GLOBAL MARKETS-Asian equities falter in volatile trading as China tech sell-off weighs on

* Asian Stock Markets:

* Threat of US Exclusion Shakes China Tech

* Bargain hunting for growth stocks supports other markets

* Oil falls but the Suez Canal remains a concern

TOKYO / WASHINGTON, March 25 (Reuters) – Asian stocks bounced between gains and losses on Thursday due to a sell off of Chinese tech stocks on concerns that they would be pulled from U.S. stocks and concerns about a semiconductor shortage. shook some investors.

MSCI’s broader Asia-Pacific equity index outside of Japan rose 0.1%.

Hong Kong shares fell sharply at the open, but then cut their losses to a 0.18% drop. Alibaba Group Holding Ltd, Xiaomi Corp and Tencent Holdings all traded lower. Shares in China were up 0.08%.

Elsewhere, Japanese stocks rose 0.71% and Australian stocks rose 0.24% as bargain hunters bought stocks in consumer goods, real estate and financial firms.

US stock futures were up 0.25%.

The US securities regulator is implementing measures that would kick foreign companies off the US stock exchanges if they fail to meet US auditing standards.

Additionally, concerns about extended economic lockdowns in Europe, disruptions in the distribution of coronavirus vaccines, and potential tax increases in the US also weighed on investor sentiment.

“Rising interest rates, uncertainty in fiscal policy and concerns about inflation continue to be a priority for investors.
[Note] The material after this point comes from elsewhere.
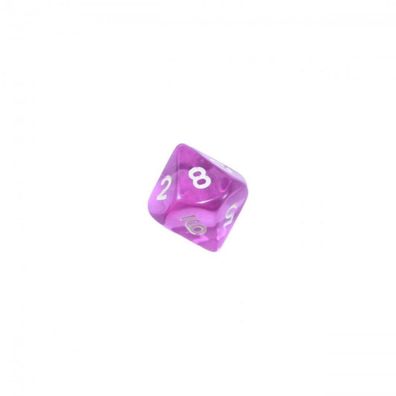 10-seitiger Würfel - Trapezoeder - W10 - 0-9 - transparent - lila
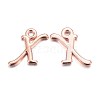 Rose Gold Plated Alloy Letter Pendants X-PALLOY-J718-01RG-X-1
However, none of these topics speak of a growing appetite for risk, ”said Peter Kenny of Kenny’s Commentary LLC and Strategic Board Solutions LLC in Denver.

“We see that the big profits last year are below the market in general.”

On Wall Street, the Dow Jones Industrial Average fell 0.01%, the Nasdaq Composite fell 2.01%, while the S&P 500 lost 0.55% on optimistic comments from the chairman of the Federal Reserve of The US, Jerome Powell, and Treasury Secretary Janet Yellen failed to facilitate profit-taking in the tech sector.

MSCI’s global stock indicator rose 0.07%.

US crude fell 1.45% to $ 60.29 a barrel, and Brent fell 1.21% to $ 63.64 a barrel, returning some of the previous day’s gains after one of the world’s largest container ships The world’s largest companies ran aground in the Suez Canal, blocking a vital transportation route.

Benchmark 10-year US Treasury yields rose to 1.6330% in Asian trade, supported by positive data on the US manufacturing sector.

Investors have focused on the 10-year Treasury yield, pondering whether there is room for long-term interest rates to run, said David Kelly, chief global strategist at JPMorgan Asset Management.

“We know the economy is poised to start really picking up speed in the second quarter,” Kelly said. “But we haven’t seen that acceleration yet, so that’s what we’re waiting for.”

The dollar hit a fresh four-month high of $ 1.1804 per euro on Thursday as prolonged lockdowns and concerns about the pace of vaccines in Europe hampered the common currency.

Even Germany’s reversal of a call for a strict lockdown during the Easter period could not help the euro.